WNIT Public Television proudly presents THE AFRICAN AMERICANS: MANY RIVERS TO CROSS on Tuesdays, October 22 - November 26, at 8pm on 34.1. Presented and written by Harvard scholar Henry Louis Gates, Jr., this six-hour series chronicles the full sweep of African-American history, from the origins of slavery on the African continent through more than four centuries of remarkable historic events up to the present.

Program Schedule

  • October 22 - "The Black Atlantic (1500-1800)"

    "The Black Atlantic” explores the global experiences that created the African-American people.  The episode traces the emergence of plantation slavery in the American South and examines what the late 18th-century era of revolutions—American, French and Haitian—would mean for African Americans and slavery in America.
  • October 29 - "The Age of Slavery (1800 -1860)"

    "The Age of Slavery" illustrates how black lives changed dramatically in the aftermath of the American Revolution. King Cotton fueled the rapid expansion of slavery into new territories and the forcible relocation of African Americans to the Deep South.
  • November 5 - "Into the Fire (1861-1896)"

    "Into the Fire" examines the most tumultuous and consequential period in African-American history: the Civil War and the end of slavery, and Reconstruction's thrilling but brief "moment in the sun." But a few years later, an intransigent South mounted a swift and vicious campaign of terror to restore white supremacy and roll back African-American rights.
  • November 12 - "Making a Way Out of No Way (1897-1940)"

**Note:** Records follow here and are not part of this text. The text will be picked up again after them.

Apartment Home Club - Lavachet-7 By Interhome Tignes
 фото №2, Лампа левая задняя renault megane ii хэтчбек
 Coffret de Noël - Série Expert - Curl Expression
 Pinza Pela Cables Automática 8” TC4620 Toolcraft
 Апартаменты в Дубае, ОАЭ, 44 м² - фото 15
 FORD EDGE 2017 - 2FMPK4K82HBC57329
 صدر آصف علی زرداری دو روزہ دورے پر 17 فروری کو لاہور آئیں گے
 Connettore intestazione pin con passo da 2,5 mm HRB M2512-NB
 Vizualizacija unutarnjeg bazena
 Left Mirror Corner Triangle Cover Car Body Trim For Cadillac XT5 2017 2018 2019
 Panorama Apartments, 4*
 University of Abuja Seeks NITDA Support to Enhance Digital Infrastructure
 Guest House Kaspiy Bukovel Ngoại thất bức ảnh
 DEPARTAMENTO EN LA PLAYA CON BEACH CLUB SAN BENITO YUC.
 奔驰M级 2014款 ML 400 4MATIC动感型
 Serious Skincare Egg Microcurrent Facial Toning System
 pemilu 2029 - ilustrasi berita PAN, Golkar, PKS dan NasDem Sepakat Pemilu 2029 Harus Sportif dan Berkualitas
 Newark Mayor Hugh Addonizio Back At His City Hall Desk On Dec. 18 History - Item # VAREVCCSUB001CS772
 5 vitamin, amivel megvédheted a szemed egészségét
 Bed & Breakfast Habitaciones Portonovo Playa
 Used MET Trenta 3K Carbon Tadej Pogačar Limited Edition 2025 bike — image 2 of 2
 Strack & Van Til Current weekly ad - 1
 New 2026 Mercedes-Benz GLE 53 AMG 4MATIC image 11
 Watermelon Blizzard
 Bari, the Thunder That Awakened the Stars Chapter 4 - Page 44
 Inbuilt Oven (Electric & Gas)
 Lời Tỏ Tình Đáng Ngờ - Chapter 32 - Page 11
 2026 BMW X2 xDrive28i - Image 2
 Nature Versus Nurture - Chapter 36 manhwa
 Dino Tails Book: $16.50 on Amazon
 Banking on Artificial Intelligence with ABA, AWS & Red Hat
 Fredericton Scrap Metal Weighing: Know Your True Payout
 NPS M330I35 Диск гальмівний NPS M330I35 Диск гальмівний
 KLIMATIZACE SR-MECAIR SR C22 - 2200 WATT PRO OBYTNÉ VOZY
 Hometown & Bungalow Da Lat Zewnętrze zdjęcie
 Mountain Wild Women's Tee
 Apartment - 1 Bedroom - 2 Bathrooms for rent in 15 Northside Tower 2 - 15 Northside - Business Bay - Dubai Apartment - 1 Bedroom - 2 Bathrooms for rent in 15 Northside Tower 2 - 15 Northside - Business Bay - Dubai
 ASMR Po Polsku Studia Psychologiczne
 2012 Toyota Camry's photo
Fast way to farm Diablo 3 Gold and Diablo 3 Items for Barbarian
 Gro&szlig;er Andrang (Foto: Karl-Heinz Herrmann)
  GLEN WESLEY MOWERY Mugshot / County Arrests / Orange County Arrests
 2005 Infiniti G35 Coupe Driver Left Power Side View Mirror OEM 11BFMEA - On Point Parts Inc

    "Making a Way Out of No Way" portrays the Jim Crow era, when African Americans struggled to build their own worlds within the harsh, narrow confines of segregation. Leaders like Ida B. Wells, W.E.B. Du Bois, Booker T. Washington and Marcus Garvey organized, offering different strategies to further black empowerment and equality. "The Harlem Renaissance" redefined how America saw African Americans—and how African Americans saw themselves.
  • November 19 - "Rise! (1940-1968)"

    African Americans who fought fascism in World War II came home to face the same old racial violence. In 1955, Rosa Parks refused to give up her seat on a city bus in Montgomery, Alabama, heralding the dawn of a movement of resistance, with Dr. Martin Luther King, Jr. as its public face. In 1968, Dr. King was assassinated, unleashing a new call for "Black Power" across the country.
  • November 26 - "It's Nation Time (1968-2013)"

    As African Americans won political office across the country and the black middle class made progress, larger economic and political forces isolated the black urban poor. When Barack Obama was elected president in 2008, many hoped that America had finally transcended racism. By the time of his second victory, however, it was clear that many issues, including true racial equality, remain to be resolved.